(Supplied material begins)

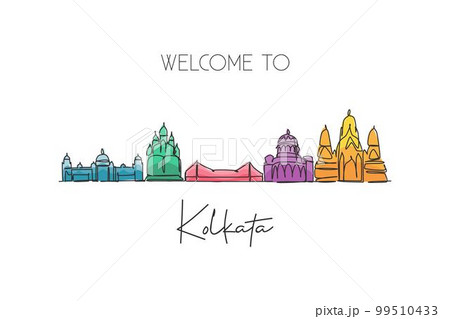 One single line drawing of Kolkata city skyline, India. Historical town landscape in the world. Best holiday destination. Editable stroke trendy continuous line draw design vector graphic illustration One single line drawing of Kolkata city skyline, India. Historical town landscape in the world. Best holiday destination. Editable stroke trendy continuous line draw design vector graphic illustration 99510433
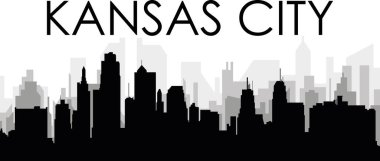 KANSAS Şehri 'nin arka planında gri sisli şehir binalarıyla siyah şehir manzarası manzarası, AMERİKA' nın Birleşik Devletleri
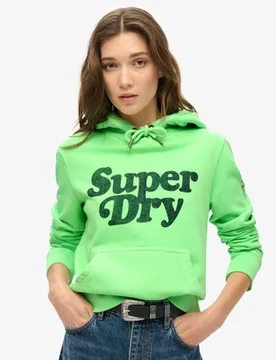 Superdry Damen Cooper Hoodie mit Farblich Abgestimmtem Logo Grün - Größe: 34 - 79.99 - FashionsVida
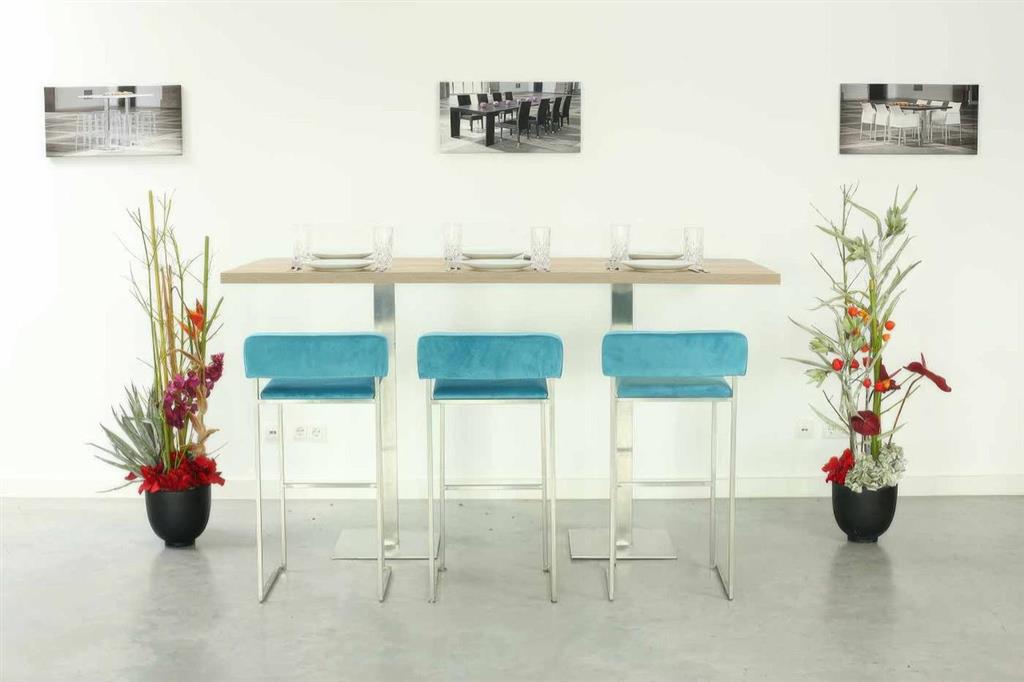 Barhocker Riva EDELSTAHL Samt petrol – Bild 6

(Supplied material ends)

→ **What to produce**
The copy has to start at the line that contains "KANSAS Şehri 'nin" and end at the last line of the material above, matching the original exactly and holding no pictures.

→ **Answer area**
 KANSAS Şehri 'nin arka planında gri sisli şehir binalarıyla siyah şehir manzarası manzarası, AMERİKA' nın Birleşik Devletleri
 Superdry Damen Cooper Hoodie mit Farblich Abgestimmtem Logo Grün - Größe: 34 - 79.99 - FashionsVida
 Barhocker Riva EDELSTAHL Samt petrol – Bild 6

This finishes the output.